WHAT YOU ARE ASKED TO DO ▸
Repeat the data as given. Images do not go in the copy.

SOURCE MATERIAL ▸
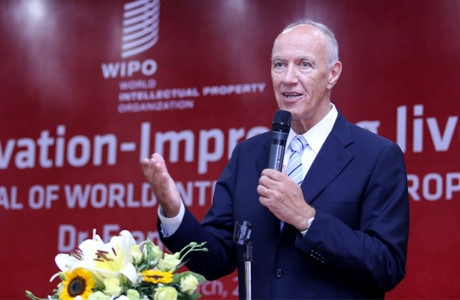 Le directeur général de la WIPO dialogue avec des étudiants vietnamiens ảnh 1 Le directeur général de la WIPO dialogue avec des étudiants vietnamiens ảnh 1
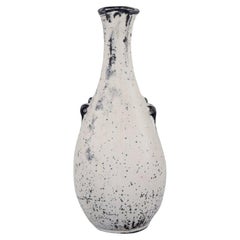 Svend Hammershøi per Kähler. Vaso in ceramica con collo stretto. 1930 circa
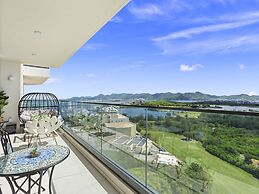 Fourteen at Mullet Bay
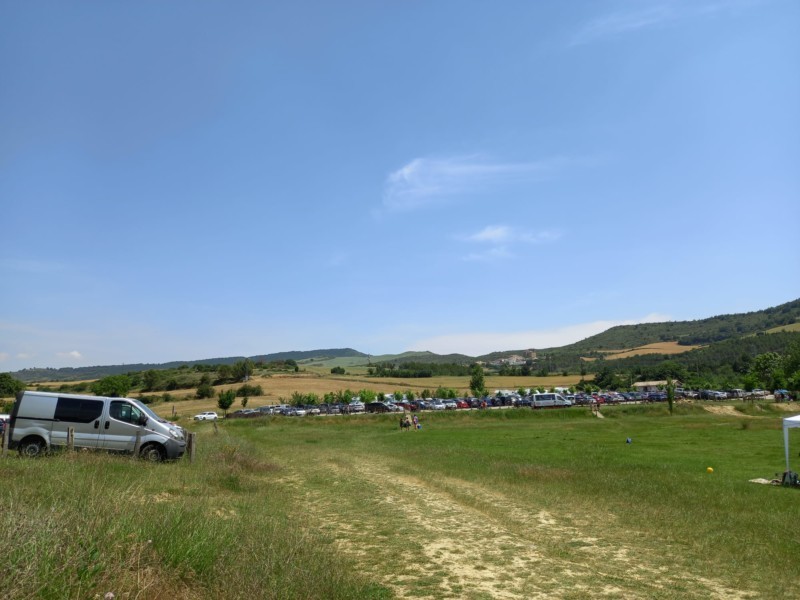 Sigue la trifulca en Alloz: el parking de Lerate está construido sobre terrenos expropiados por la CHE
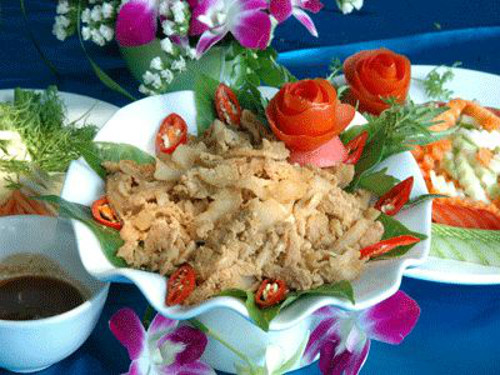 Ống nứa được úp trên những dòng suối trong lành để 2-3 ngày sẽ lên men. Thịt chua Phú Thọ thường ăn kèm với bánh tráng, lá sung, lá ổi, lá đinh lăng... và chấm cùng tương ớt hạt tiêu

OUTPUT OF THE TASK ▸
 Le directeur général de la WIPO dialogue avec des étudiants vietnamiens ảnh 1 Le directeur général de la WIPO dialogue avec des étudiants vietnamiens ảnh 1
 Svend Hammershøi per Kähler. Vaso in ceramica con collo stretto. 1930 circa
 Fourteen at Mullet Bay
 Sigue la trifulca en Alloz: el parking de Lerate está construido sobre terrenos expropiados por la CHE
 Ống nứa được úp trên những dòng suối trong lành để 2-3 ngày sẽ lên men. Thịt chua Phú Thọ thường ăn kèm với bánh tráng, lá sung, lá ổi, lá đinh lăng... và chấm cùng tương ớt hạt tiêu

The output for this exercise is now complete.